Metadata-Version: 2.1
Name: taurus-datamover
Version: 0.3.4
Summary: Python wrapper for the datamover tools that enable moving data between the ZIH fileserver and the taurus cluster at TU Dresden
Home-page: https://gitlab.mn.tu-dresden.de/bia-pol/taurus-datamover/
Author: Till Korten
Author-email: till.korten@tu-dresden.de
Classifier: Programming Language :: Python :: 3
Classifier: License :: OSI Approved :: BSD License
Classifier: Operating System :: OS Independent
Classifier: Intended Audience :: Science/Research
Classifier: Development Status :: 3 - Alpha
Requires-Python: >=3.6
Description-Content-Type: text/markdown
License-File: LICENSE

# Taurus Datamover

Python wrapper for the [datamover tools](https://doc.zih.tu-dresden.de/data_transfer/datamover/) that enable moving data between the [ZIH fileserver](https://tu-dresden.de/zih/dienste/service-katalog/arbeitsumgebung/datenspeicher/details) and the [taurus cluster](https://tu-dresden.de/zih/hochleistungsrechnen/hpc?set_language=en) at TU Dresden.

To facilitate temporary storage across computing nodes, also provides the `Workspace` wrapper for the [workspace tools](https://doc.zih.tu-dresden.de/data_lifecycle/workspaces/)

Before you can start working on the taurus cluster, you need to file a [project request](https://tu-dresden.de/zih/hochleistungsrechnen/hpc?set_language=en#section-1).
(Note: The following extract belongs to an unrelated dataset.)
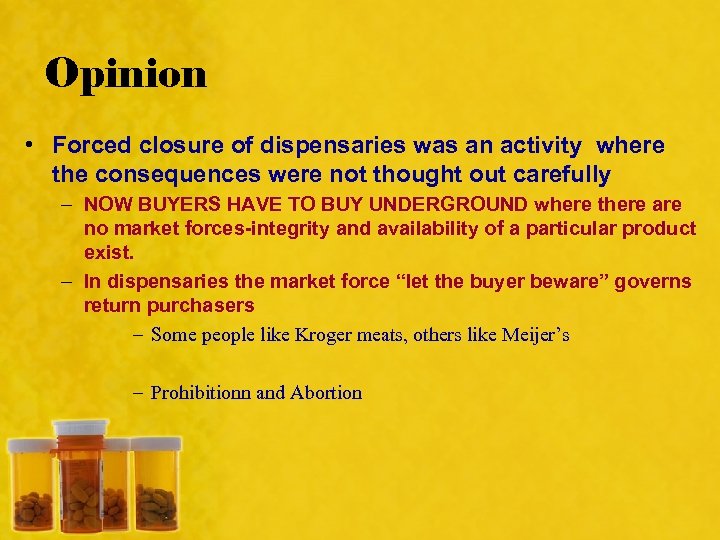 Opinion • Forced closure of dispensaries was an activity where the consequences were not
You also need a [group share](https://tu-dresden.de/zih/dienste/service-katalog/arbeitsumgebung/datenspeicher/details#section-2) on the ZIH fileserver.

## Getting started

If you own a project space on taurus and want to transfer files to it, you can ask [HPC support](https://tu-dresden.de/zih/hochleistungsrechnen/support) to enable a connection to your fileserver.

Afterwards, you can use [TUD ZIH datamover](https://doc.zih.tu-dresden.de/data_transfer/datamover/) to transfer files from the fileserver to the cluster.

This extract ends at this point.